[OAI-implementers] Better resumption mechanism - more important than ever!

Michael L. Nelson mln@ils.unc.edu
Tue, 5 Mar 2002 22:42:26 -0500 (EST)


(combining the last 2 emails into 1 respone)

>> I guess this is a major issue that harvester should follow a certain
>> policy. In current implementation in Arc, for each failed request, the
>> harvester will try at most three times using the same http request...

>The problem I have with this is in the current OAI spec as I read
>it, this is not a safe thing to do. OAI does not mandate that
>resumptionToken's change. That is, resumptionToken *could* be
>a session id, with no cursor information in it. Each request
>using the same resumptionToken therefore is permitted to return
>the next N records.

>So I could implement a data provider where the above algorithm is
>wrong and will silently deliver incorrect results.

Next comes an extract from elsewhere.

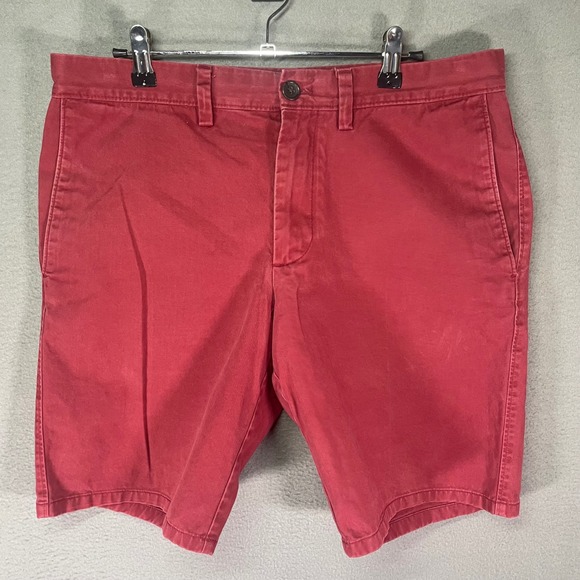 Banana Republic Other - Banana Republic Aiden Shorts Mens 32 Red Japanese Maple Slim Fit Chino 543834-06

in OAI 2.0, resumptionTokens are slated to have the optional attributes
of:

- resumeAfter (how long to wait before issuing the next request)
- expirationDate (TTL for the resumptionToken)
- completeListSize (total # of records in the complete list)
- cursor (number of items returned so far)

granted, a repository does not have to implement these, but it the
concerns we are talking about behooves them to.

so if you re-issue a resumptionToken, and completeListSize or cursor are
not what you expect, then something has gone wrong.  and if the
resumptionToken is past its expiration, the repository will respond with a
badResumptionToken error.

>Does OAI 2.0 say that resumptionToken's must be unique within
>a download? And that reusing an old resumptionToken must be
>supported (or rejected with an error)? If not guaranteed by
>the spec, then I would not want to write a harvester relying
>on it. I would rather spend the effort and get the spec right
>rather than having to come to agreements with individual data
>providers.

I don't think the spec currently requires that a repository reject expired
resumptionTokens, but a harvester would be wise not to use them if they
are expired.  its like drinking milk a day or two after the expiration
date:  its *probably* ok, but you gotta be pretty thirsty to do it.

>One approach discussed was of course to add something to the
>Identify response allowing servers to advertise 'its safe
>to reuse resumptionTokens'. More in a later mail.

agreed, below in my mesg also.

>(I am not proposing anything in this mail - just saying I believe
>the above retry algorithm is theoretically unsafe.)

> On Tue, Mar 05, 2002 at 10:02:43AM -0500, Michael L. Nelson wrote:
> > actually, the way I see it is the protocol should not be complicated with
> > additional tokens and such to enforce what ETDCat (and similiarly
> > large-sized DPs) should do:
> > 
> > 1.  partition their collection into sets
> 
> I am sorry, but I agree with other's here that sets are not the
> solution. How are the sets going to be created? Are they going
> to have any semantics (or just 1,000 records per set)? What if I
> do want semantics for my sets, but one set does have a 1,000,000
> records? 

1M < 4M

> What happens when people start creating even bigger
> collections? Etc. I think sets can be useful, but I would not
> *rely* on them as solving the problem.
> 

I never meant to imply that they should be relied on, only that if they
exist, they can make harvesting easier.  I'll defer further set discussion
since the main topic is resumptionToken mechanics (sets can chew up a
whole other thread ;-)

> > 2.  use stateless (or very long lived) resumptionTokens
> > 
> > in 2.0, resumptionTokens will have optional attributes, including
> > "expirationDate", so this will take the guess work out of knowing how long
> > a resumptionToken will be valid.
> > 
> > IMO, introducing an optional restartToken is no different (from an
> > implementer's point of view) than making the resumptionToken last a long
> > time.  
> 
> I am going to play devil's advocate a bit here - I think its worth
> teasing out arguments a bit more to make sure they are solid.
> 
> There is a difference, but is the difference worth the complexity
> to the protocol? That is a different question.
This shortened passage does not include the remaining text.